In issue #15 and issue #39 we looked at various approaches for document level translation. In this blog post, we will look at another approach proposed by Voita et. al (2019a) to capture context information. This approach is unique in the sense that it utilizes only target monolingual data to improve the discourse phenomenon (deixis, ellipsis, lexical cohesion, ambiguity, anaphora, etc., which often require context to be determined) in machine translation.
They proposed a two pass machine translation approach.
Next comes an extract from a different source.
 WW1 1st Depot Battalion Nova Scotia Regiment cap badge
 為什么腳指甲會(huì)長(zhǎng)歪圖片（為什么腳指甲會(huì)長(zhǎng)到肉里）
In the first pass, they obtain a context agnostic translation and in the second pass they feed translations obtained in the first pass through a document level repair (DocRepair) model to correct the contextual errors.
The DocRepair model is the standard sequence-to-sequence Transformer. Sentences in a group are concatenated to form long inconsistent pseudo-sentences. The Transformer is trained to correct these long inconsistent pseudo-sentences into consistent ones.
Training the DocRepair model
The DocRepair model is a monolingual sequence-to-sequence model. It maps inconsistent groups of sentences into consistent ones as mentioned earlier. Consistent groups come from monolingual document-level data. Inconsistent groups are obtained using round trip translation (Russian to English to Russian). Each sentence in a consistent group is replaced with its round-trip translation produced in isolation from context. Therefore, the model is trained to translate inconsistent Russian to consistent Russian.
For training, they used English-Russian data from OpenSubtitles. They used contrastive test sets by Voita et al. (2019b) for evaluation of the discourse phenomena. They evaluated deixis, lexical cohesion, ellipsis (noun phrase) and ellipsis (verb phrase).
From the results we can say that DocRepair improves all discourse phenomena over the baseline and all except ellipses (VP) compared to CADec model. The CADec uses contextual parallel data instead of monolingual data used in DocRepair.
Similarly, in human evaluation the DocRepair model obtained better results compared to the baseline. On a test set containing 700 examples, in about 52% of the cases, annotators marked translations as having equal quality, in 35% of the cases, the DocRepair model was marked better and in 13% of cases, the baseline model was marked better.